DIRECTIONS: Copy out exactly, from the entries that follow, the line holding "BMW 5 Series 2023 из CN, фото 2", the line holding "O último prêmio", and all lines between them, but no pictures.

MATERIAL PROVIDED: Begin

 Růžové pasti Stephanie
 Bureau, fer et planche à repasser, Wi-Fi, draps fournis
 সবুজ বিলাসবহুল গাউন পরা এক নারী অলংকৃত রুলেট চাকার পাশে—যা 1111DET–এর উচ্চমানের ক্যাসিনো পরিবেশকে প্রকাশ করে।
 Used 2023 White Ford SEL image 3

MATERIAL PROVIDED: End
MATERIAL PROVIDED: Begin

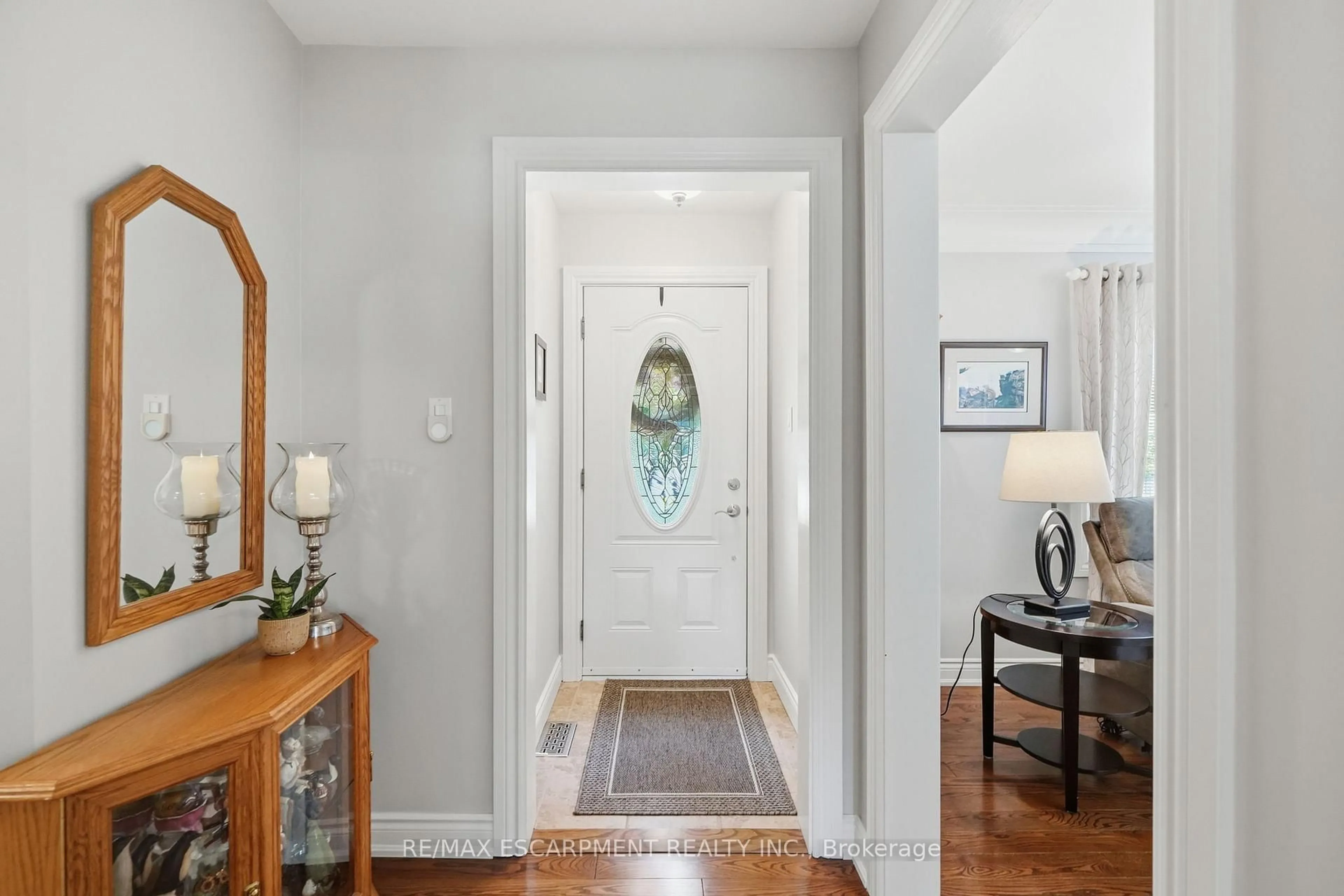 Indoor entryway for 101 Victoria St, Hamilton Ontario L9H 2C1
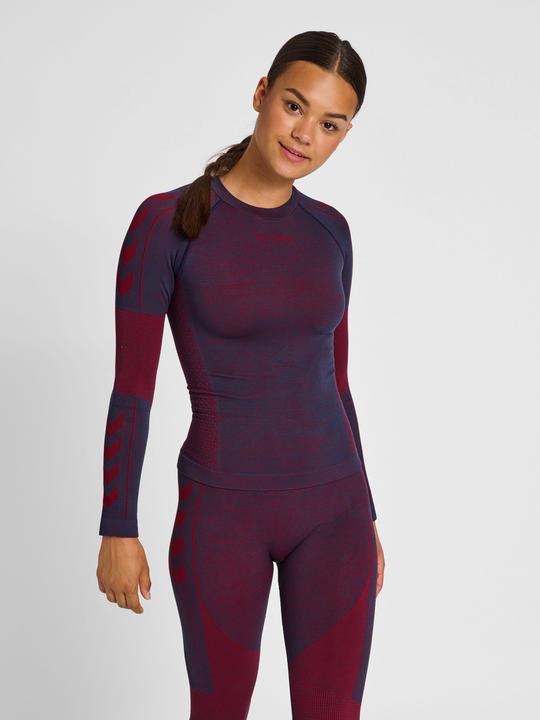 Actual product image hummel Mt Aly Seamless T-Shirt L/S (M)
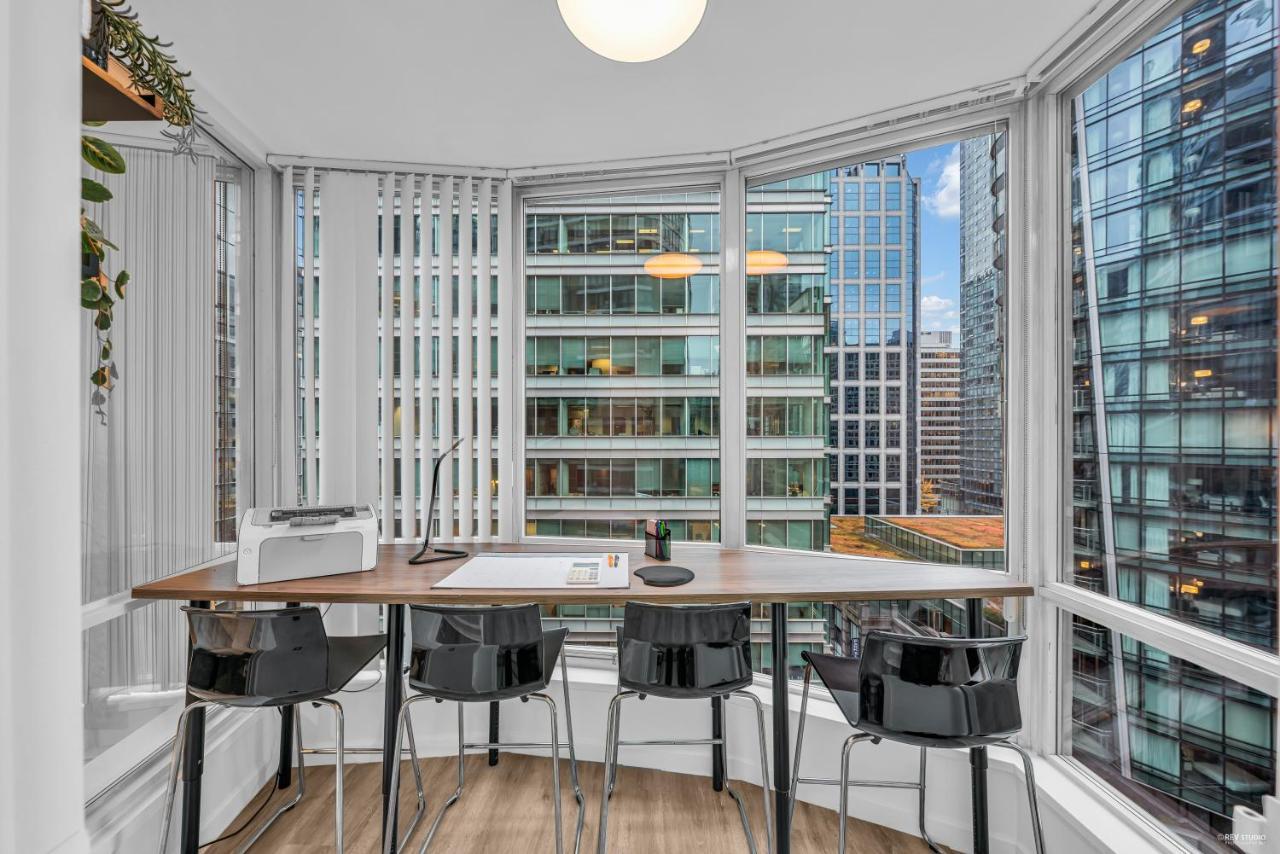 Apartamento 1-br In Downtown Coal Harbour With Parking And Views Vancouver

MATERIAL PROVIDED: End
MATERIAL PROVIDED: Begin

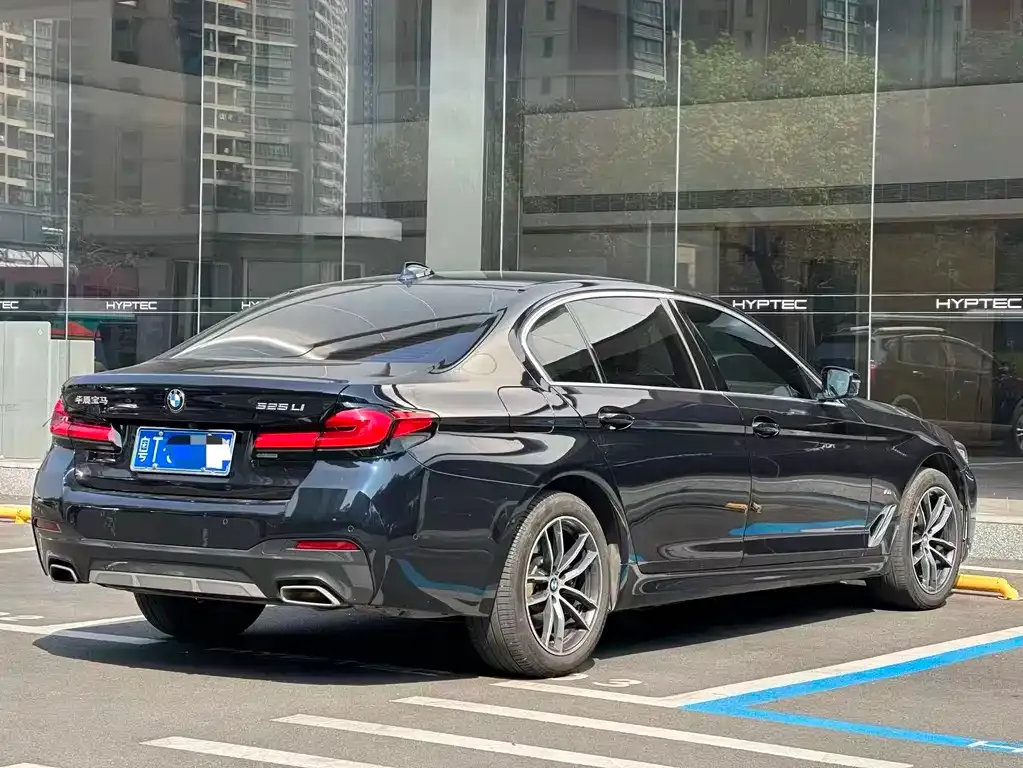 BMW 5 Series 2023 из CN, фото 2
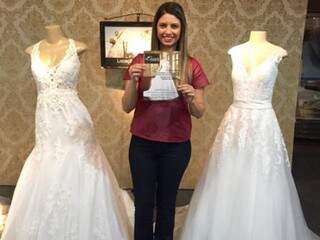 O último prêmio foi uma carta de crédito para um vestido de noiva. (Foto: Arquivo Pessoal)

MATERIAL PROVIDED: End

OUTPUT BELOW:
 BMW 5 Series 2023 из CN, фото 2
 O último prêmio foi uma carta de crédito para um vestido de noiva. (Foto: Arquivo Pessoal)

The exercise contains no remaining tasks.